Upon his stage-managed release from prison this week, Pete Doherty told the assembled microphone-waving morons of the press that "gangsters and Radio 4" made for the worst part of his stay at her Majesty’s pleasure (and ours, come to think of it) in Wormwood Scrubs. A typically daft comment from Doherty, who, one imagines, was the kind of youth who’d fall asleep to the monotonous tones of the shipping forecast.
Yet of late, Radio 4 has bizarrely started to realign itself for a more populist, younger listenership, albeit one defined by those thrusting producers who left Oxbridge and were able to use daddy’s money to fund months of unpaid work experience with all the other Nicholases and Emilys.
Now it must be admitted that some good has come of this yoof drive: next week, for example, Asher D will be the deserving and interesting subject of John Humphrys’ On The Ropes, which ought introduce the former So Solid Crew rapper to a new audience and, more generally, give the residents of Godalming and Grantham direct insight into an inner-city world they usually encounter only through skewed tabloid reports.
However, Radio 4’s new music-specific output is altogether more hit-and-miss. Recently the station has served up a panel discussion on the merits of Pulp’s ‘Common People’; Mark E Smith on Front Row; Jon Ronson and Robbie Williams on the hunt for UFOs; and Simon Armitage raising his right arm to give the bloated corpse of Ian Curtis a weary flogging. All of these felt entirely out of place, far better suited to 6music or Radios 2 or 3, while Paul Morley’s recent programme about John Cooper Clarke (a great opportunity) was marred by the former’s wearily familiar reminisces on punk and Manchester. At least on the radio you can’t see his jowls.
Similarly, a recent special 50th anniversary edition of Sue McGregor’s The Reunion was broadcast from the BFI theatre, the audience laughing uproariously every time one of the cast members, or director Bruce Robinson, hammed a line from his film Withnail & I. It was hard to see the point of the programme – it failed to examine the film as a piece of classic cult cinema and an excoriation of the failed ’60s dream, instead relying heavily on the student cliche of it being one long audiovisual drinking game. To any listener unfamiliar with the film, it would have made little or no sense.

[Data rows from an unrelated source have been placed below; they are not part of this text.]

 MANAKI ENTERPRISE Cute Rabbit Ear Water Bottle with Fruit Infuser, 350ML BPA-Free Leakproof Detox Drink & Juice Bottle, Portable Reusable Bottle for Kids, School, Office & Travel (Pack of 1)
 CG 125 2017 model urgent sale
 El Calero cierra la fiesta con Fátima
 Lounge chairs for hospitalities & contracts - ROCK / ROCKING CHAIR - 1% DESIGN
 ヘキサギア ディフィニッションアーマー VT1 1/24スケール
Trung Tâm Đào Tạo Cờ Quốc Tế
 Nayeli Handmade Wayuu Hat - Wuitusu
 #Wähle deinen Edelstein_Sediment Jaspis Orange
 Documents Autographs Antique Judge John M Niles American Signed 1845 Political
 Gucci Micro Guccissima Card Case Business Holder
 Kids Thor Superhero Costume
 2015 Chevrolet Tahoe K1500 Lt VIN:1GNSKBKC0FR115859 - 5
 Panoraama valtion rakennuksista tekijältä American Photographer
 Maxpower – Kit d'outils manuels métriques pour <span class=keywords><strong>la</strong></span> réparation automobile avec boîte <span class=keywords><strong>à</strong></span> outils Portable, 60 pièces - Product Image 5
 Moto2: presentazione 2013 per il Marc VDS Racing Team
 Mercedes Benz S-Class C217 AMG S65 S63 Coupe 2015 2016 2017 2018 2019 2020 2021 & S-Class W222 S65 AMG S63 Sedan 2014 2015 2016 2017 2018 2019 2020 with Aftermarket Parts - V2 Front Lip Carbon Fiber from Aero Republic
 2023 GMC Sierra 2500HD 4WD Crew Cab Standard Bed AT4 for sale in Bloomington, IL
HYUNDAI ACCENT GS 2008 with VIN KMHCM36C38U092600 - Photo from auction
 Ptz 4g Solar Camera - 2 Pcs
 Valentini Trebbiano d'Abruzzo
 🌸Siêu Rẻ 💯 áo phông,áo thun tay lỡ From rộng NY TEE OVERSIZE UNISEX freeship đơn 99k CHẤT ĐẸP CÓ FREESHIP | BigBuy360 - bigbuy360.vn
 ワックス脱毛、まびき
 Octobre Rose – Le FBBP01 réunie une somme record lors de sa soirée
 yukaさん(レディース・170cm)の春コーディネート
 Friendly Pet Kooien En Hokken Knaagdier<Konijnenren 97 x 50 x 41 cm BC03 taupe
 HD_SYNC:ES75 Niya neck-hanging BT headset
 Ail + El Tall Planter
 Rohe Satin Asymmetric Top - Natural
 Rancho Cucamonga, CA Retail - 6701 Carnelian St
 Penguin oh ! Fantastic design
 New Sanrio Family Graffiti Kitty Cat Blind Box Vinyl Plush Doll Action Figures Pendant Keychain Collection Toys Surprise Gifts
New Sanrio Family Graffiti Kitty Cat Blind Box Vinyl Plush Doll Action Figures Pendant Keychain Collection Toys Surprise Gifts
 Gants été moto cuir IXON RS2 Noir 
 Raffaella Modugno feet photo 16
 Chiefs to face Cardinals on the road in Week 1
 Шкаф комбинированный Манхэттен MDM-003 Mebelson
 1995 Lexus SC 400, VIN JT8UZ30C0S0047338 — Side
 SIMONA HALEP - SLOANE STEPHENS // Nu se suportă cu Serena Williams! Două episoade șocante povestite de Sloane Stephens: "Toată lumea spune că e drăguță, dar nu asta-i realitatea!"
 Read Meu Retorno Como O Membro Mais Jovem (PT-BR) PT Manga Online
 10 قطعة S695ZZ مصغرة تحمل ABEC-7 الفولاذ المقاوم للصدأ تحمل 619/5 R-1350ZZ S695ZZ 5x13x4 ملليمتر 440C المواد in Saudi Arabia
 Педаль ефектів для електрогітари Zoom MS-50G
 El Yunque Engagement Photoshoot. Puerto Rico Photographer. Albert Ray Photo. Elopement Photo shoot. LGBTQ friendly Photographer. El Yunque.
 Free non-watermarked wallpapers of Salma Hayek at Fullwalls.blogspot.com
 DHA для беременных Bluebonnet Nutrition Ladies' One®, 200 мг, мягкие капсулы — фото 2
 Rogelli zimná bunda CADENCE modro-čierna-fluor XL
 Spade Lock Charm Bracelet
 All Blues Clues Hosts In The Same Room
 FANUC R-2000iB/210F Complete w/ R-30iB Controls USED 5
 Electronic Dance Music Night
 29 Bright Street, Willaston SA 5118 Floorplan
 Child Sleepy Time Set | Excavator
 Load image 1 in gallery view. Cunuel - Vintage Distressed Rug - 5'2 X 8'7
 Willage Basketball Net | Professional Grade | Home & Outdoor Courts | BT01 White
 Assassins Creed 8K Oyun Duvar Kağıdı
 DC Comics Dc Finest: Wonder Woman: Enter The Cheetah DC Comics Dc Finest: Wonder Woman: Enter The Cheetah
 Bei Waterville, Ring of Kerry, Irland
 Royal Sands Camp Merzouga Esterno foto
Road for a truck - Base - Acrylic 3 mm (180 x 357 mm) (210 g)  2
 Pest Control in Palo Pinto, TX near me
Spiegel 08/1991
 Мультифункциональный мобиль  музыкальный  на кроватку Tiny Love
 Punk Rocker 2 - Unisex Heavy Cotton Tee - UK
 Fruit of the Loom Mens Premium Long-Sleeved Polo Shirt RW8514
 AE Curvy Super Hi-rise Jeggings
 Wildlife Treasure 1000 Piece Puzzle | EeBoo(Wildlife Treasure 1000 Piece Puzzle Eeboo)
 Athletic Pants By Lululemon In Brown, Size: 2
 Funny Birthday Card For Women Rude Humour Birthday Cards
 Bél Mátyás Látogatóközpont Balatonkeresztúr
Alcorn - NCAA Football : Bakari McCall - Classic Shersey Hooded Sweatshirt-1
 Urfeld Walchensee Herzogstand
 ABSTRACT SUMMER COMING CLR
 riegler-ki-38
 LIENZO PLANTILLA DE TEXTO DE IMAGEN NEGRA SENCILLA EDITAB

After a brief rant about the pernicious affect Hollywood has on the British film industry, Robinson remarked, "They should get me on Question Time" – and the audience guffawed. Like so much of Radio 4’s output, the youth programmes fall into the trap of fusty in-jokes and self-referential titters.
Radio 4 ought to stick to what it’s good at – hard-hitting news, the shipping forecast, A Book at Bedtime, Just a Minute, the Today programme (itself weakened, post-Hutton and budget cuts), In Our Time, Week in Westminster, Farming Today, I’m Sorry I Haven’t A Clue, Unreliable Evidence, Sandy Toksvig vehicles, The Archers. I’ve been a listener for two decades precisely because Radio 4 doesn’t trouble itself with music and popular culture; it provides a respite and an education, a reminder that there is a world outside vinyl-mining, gigs and pub pontifications. If it were to change too far the other direction, I might well find myself in that most unusual of places: in accord with Pete Doherty.